R studio is applied on the dataset to fit a simple lienar regression.
Statistical hypotheses of various model compoenents are implemented.
Various assumptions based on the linear regression model are tested.
Discuss of the findings will be explored.

Problem Statement

Question: Can GDP per capita of the country be used to determine the happiness of people in one country?

Method:

Apply linear regression model to examine the relationship between two selected variables.
Make hypothesis testing for the overall linear regresison model and parameters (\(\alpha\) and \(\beta\)).
Make assumptions for independence, linearity, normality of residuals, homoscedasticity.
Apply the pearson correlation coefficient to measure the strength of the linear relationship.

Data

#read data
World_Happiness_Report<-read.csv("2017.csv")

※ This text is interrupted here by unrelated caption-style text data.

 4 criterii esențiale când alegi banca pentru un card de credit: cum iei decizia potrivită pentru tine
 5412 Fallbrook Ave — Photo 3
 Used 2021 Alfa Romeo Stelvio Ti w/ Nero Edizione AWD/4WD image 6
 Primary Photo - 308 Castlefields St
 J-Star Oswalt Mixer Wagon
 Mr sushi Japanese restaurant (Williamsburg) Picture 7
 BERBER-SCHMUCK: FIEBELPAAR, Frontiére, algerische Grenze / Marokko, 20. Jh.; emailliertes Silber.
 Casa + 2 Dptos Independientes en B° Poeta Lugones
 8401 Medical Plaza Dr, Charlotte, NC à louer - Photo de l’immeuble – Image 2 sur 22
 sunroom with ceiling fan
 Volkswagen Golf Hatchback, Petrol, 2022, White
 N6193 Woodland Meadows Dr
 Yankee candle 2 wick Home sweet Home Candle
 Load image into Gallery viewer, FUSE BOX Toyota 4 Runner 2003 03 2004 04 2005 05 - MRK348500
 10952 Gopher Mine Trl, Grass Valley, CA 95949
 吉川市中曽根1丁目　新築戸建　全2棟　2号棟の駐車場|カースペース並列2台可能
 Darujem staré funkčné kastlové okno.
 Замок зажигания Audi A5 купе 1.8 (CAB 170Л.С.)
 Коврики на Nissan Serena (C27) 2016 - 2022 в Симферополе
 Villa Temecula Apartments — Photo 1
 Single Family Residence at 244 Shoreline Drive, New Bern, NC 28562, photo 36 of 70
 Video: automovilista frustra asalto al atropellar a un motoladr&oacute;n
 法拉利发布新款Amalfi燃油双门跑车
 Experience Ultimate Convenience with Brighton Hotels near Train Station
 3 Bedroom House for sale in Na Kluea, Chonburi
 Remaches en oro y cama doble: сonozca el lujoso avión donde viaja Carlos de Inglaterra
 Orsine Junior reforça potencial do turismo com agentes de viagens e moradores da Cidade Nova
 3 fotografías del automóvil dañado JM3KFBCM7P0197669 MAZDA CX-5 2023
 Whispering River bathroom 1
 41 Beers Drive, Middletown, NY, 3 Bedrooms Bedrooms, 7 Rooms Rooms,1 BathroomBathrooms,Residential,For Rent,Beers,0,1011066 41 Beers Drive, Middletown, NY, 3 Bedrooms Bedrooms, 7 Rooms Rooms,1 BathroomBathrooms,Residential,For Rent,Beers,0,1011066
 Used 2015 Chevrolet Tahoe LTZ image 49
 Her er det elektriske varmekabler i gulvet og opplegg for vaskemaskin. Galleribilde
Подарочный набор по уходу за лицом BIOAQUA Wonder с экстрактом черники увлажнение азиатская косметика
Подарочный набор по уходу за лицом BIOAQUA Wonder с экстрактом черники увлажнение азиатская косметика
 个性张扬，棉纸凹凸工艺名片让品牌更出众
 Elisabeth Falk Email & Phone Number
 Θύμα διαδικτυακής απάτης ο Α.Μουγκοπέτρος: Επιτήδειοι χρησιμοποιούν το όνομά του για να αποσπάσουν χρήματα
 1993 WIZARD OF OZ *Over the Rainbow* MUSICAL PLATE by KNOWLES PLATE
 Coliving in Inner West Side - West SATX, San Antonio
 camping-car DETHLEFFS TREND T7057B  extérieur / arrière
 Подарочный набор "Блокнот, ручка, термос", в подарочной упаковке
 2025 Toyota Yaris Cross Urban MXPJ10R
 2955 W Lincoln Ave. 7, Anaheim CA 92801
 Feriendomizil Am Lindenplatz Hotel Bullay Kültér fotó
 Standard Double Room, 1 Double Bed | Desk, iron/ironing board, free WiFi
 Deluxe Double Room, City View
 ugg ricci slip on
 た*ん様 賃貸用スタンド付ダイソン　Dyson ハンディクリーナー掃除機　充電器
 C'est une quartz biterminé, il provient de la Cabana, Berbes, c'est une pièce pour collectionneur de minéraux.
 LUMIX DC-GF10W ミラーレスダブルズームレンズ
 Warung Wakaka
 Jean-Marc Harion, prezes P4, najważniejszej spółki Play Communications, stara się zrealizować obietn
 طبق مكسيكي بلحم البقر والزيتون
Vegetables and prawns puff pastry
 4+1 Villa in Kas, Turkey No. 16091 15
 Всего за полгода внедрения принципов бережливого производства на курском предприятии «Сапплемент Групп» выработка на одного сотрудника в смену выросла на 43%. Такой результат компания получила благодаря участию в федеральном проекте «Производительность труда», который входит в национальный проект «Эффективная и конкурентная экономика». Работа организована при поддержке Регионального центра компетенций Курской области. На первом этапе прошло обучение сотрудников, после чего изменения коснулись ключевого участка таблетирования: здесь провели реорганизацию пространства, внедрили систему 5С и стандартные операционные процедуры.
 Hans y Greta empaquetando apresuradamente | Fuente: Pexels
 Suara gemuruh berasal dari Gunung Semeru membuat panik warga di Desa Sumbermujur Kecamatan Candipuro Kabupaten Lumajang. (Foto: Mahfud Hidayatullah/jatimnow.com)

The data is taken from the website https://www.kaggle.com/unsdsn/world-happiness.
The dataset consists 155 observations (represent 155 countries) and 12 variables.
The variables Economy (GDP), Family, Health, Freedom, Generosity, Trust and Dystopia Residual are taken from the population (by survey) to determine a country’s happiness score.
The happiness score data was taken from the Gallup World Poll.

Data Cont.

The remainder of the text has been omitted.